Problem requirements: Pictures appear among the records below and must be omitted. Repeat exactly the lines from the line with "10/50PCS Small Fresh" to the line with "Cartoon Fruit Print", both included.

Data extracts:
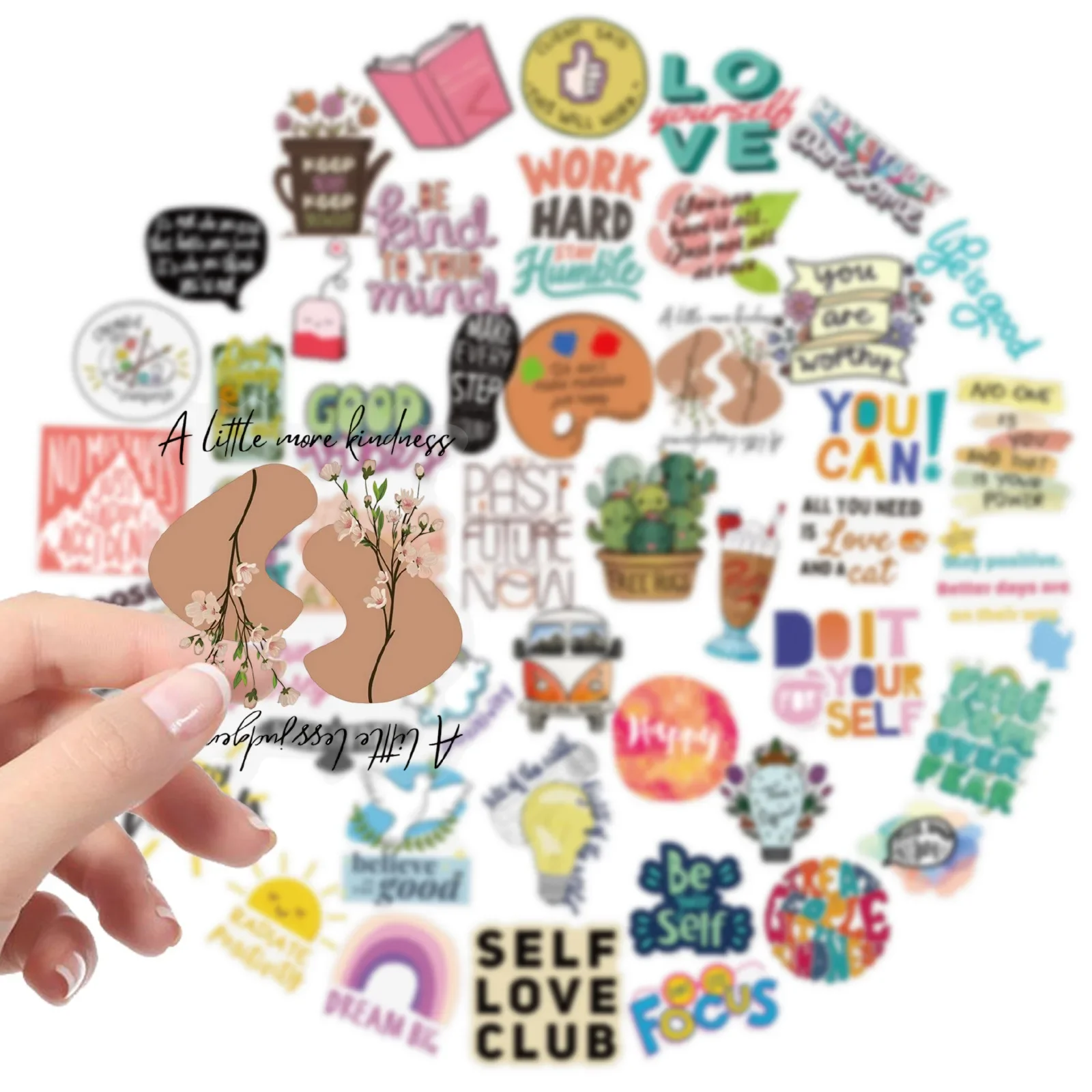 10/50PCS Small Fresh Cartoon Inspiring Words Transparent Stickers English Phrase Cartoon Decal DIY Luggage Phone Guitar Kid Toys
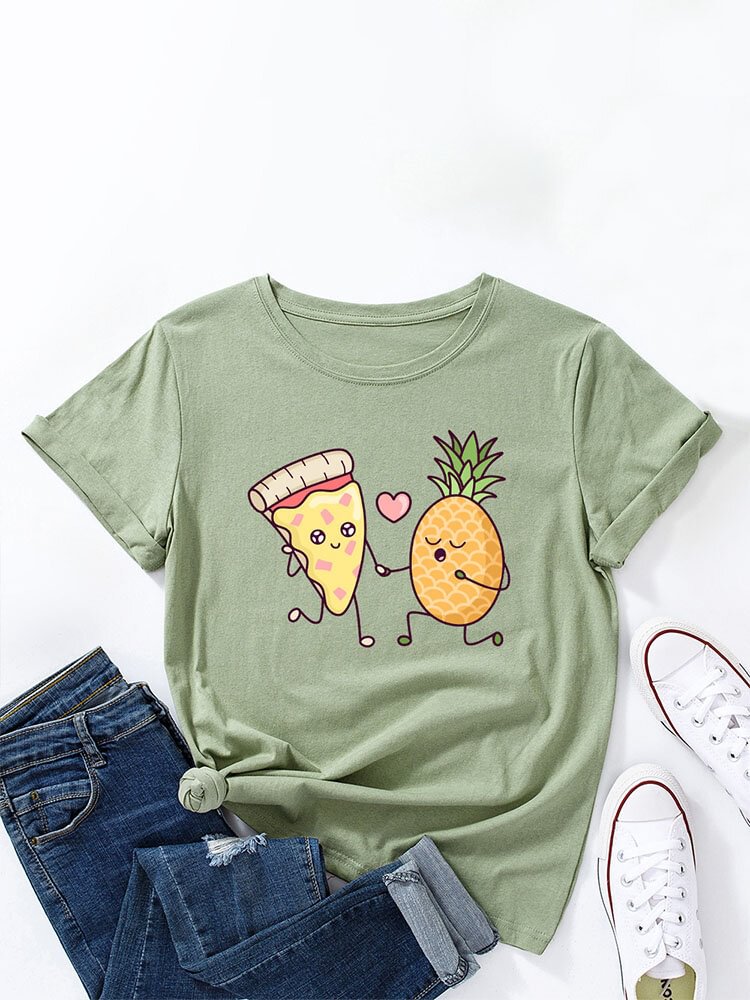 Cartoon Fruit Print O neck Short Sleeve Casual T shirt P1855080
==
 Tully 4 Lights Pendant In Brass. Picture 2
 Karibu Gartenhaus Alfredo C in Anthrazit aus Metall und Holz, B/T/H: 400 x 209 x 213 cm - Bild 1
* * *
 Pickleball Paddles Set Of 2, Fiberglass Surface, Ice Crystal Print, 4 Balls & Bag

Response:
 10/50PCS Small Fresh Cartoon Inspiring Words Transparent Stickers English Phrase Cartoon Decal DIY Luggage Phone Guitar Kid Toys
 Cartoon Fruit Print O neck Short Sleeve Casual T shirt P1855080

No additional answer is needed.